It looks like the prosecutors put Samuel Emmons on their list of possible witnesses as part of a plan to make the ropewalk fight a significant part of their case, just as it played a big role in the town’s Short Narrative of the Horrid Massacre. Later on 28 November they called ropemaker Nicholas Feriter to the stand; he described being involved in the fight and seeing Kilroy and Warren on the other side.

In a modern trial, those prosecutors would have learned more about what Samuel Emmons did and didn’t have to say before calling him to the stand. But Samuel Quincy and Paine didn’t have the time and personnel that modern prosecutors command. Who knows what the jury made of his remark?
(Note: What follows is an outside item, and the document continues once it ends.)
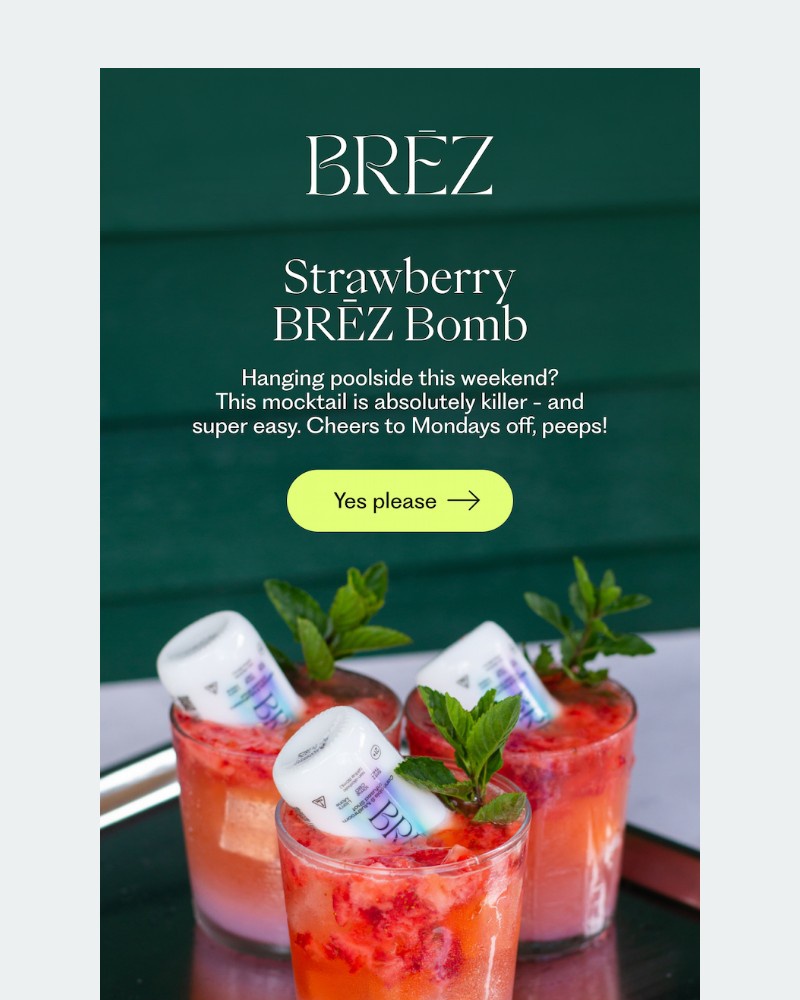 Screenshot of email sent to a Brez Newsletter subscriber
More about Samuel Emmons appears in Robert Love’s Warnings, by Cornelia H. Dayton and Sharon V. Salinger. In 1753 he married Rachel Love, daughter of town employee Robert Love. They had their children baptized in the West Meetinghouse. In the 1780s Samuel became disabled because of “several touches of the Palsey,” and Rachel supported the family by keeping a small shop with a liquor license.

Friday, November 15, 2019

“David Bradley, came down with me to the corpses”

On 5 Mar 1770, eleven days after David Bradlee saw Ebenezer Richardson shooting out of his house, there was a confrontation between soldiers and civilians in King Street. That became, of course, the Boston Massacre.

Among the people on the scene was Benjamin Burdick, Jr., constable of the town house watch. He testified about what he saw in multiple forums. Burdick’s most detailed account appears in the town’s Short Narrative of the Horrid Massacre, and in part it says:
I then looked round to see what number of inhabitants were in the street, and computed them to be about fifty, who were then going off as fast as possible; at the same time I observed a tall man standing on my left-hand, who seemed not apprehensive of the danger he was in, and before I had time to speak to him, I heard the word “Fire!” and immediately the report followed, the man on my left hand dropped, I asked him if he was hurt, but received no answer, I then stooped down and saw him gasping and struggling with death. I then saw another man laying dead on my right-hand, but further advanced up the street.

I then saw the soldiers loading again, and I ran up the street to get some assistance to carry off the dead and wounded. Doctor Jos. Gardner, and David Bradley, came down with me to the corpses, and as we were stooping to take them up, the soldiers presented at us again; I then saw an officer passing busily behind them. We carried off the dead without regarding the soldiers.
At the soldiers’ trial the shorthand expert John Hodgson, who was a relative newcomer to town and didn’t know everyone, quoted Burdick this way:
When the Molatto man was dead, I went up, and met Dr. Gardner and Mr. Brindley. I asked them to come and see the Molatto, and as we stooped to take up the man, the soldiers presented their arms again, as if they had been going to fire, Capt. [Thomas] Preston came, pushed up their guns, and said stop firing, do not fire.
“Mr. Brindley” is clearly the man Burdick knew as “David Bradley.”

The tailor David Bradlee was thus at three violent political events in Boston in the space of five months: the tarring and feathering of George Gailer on 28 Oct 1769, the fatal confrontation at Richardson’s house on 22 Feb 1770, and the Massacre.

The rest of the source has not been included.